1. Front offices failed their franchise quarterbacks
Cam Newton and Russell Wilson are both $100-plus million quarterbacks. They have combined to earn three Super Bowl trips and a Lombardi Trophy during their still young NFL careers. They both also took a major step back this season, primarily due to the play of their respective offensive lines.
Can we really blame Mike Remmers for struggling as Newton’s blindside protector in Carolina? He was set up to fail after the season-long concussion issue Michael Oher dealt with. Still, the Panthers’ front office and general manager David Gettleman failed Newton at every turn here.
In reality, it’s Carolina’s complete unwillingness to invest in its offensive line that did the team in this past season. The team has selected a grand total of one offensive linemen in the first two rounds over the past eight years. That left the Panthers incredibly thin along this unit with Remmers, who struggled in Super Bowl 50, having to take on a more-important role.
When all was said and done in 2016, Carolina turned a 15-win 2015 campaign into just six wins. All the while, Newton himself was under consistent duress. He suffered a concussion earlier in the season and was the third most-pressured quarterback in the entire NFL. That right there is on the team’s front office. And it’s surely something that must change this spring.
The same can be said for Seattle, who earned the NFC West title with a 10-5-1 record. If the team’s offensive line had performed at anywhere near an adequate level, we could be talking about Seattle as the defending champs. This is how good the rest of the squad was in 2016.
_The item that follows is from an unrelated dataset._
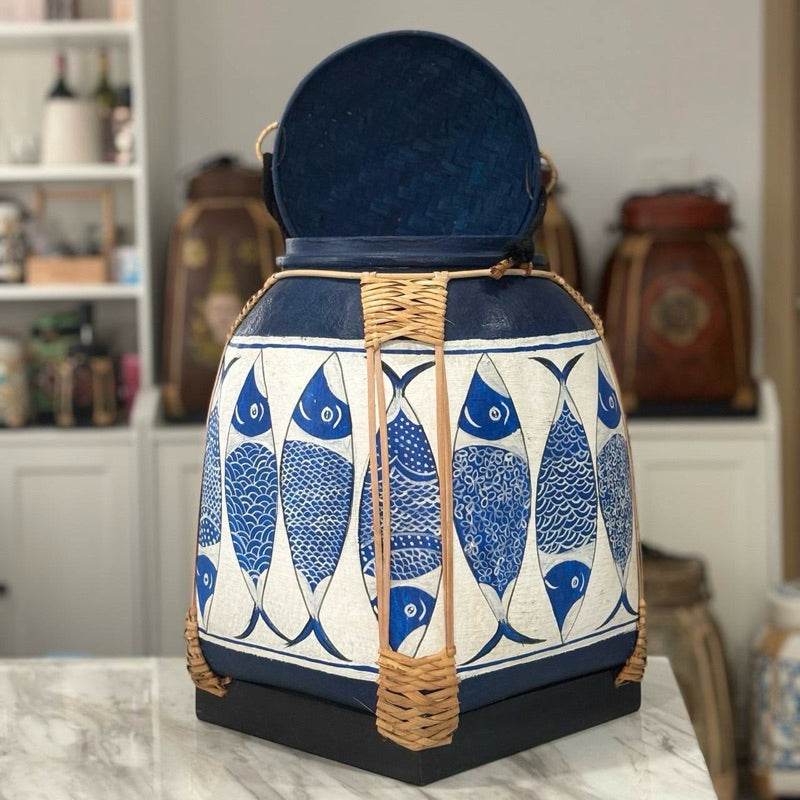 Handmade Thai decorative tray with blue fish design and woven rattan details from One-Sake.com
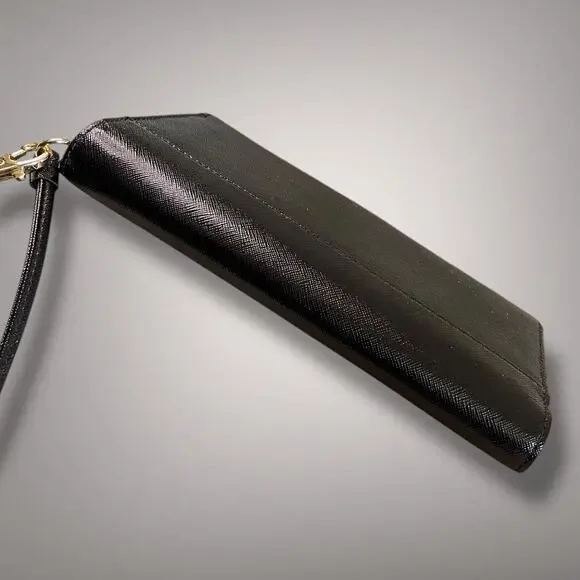 Like New TORY BURCH Black Saffiano Leather Robinson Envelope Wristlet Clutch - Picture 4 of 14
Unfortunately, the inability of general manager John Schneider and Co. to add anyone of substance to what had been a weak offensive line came back to haunt the 12’s in a big way. Wilson was sacked a total of 41 times in 16 games and dealt with a plethora of injuries throughout the season.
Seattle’s situation along the offensive line was so bad that it had to rely on a player in Garry Gilliam to play right tackle who had spent the vast majority of his college career at tight end. The team’s starting left tackle George Fant had never played that position in any level, high school and college included.
That’s just not acceptable. The Seahawks have invested a whole heck of a lot in Wilson. To leave him high and dry just makes absolutely no sense. Much like Carolina, they must address this situation big time during the offseason.
2. Dallas Cowboys rookies shine
On the other end of the spectrum, there’s a reason why Dallas Cowboys owner Jerry Jones was named the NFL’s Executive of the Year. What he and the Cowboys’ front office did in the lead up to the 2016 season was absolutely amazing. Going away from conventional wisdom that tells us not to draft a running back early, Dallas selected former Ohio State standout Ezekiel Elliott No. 4 overall.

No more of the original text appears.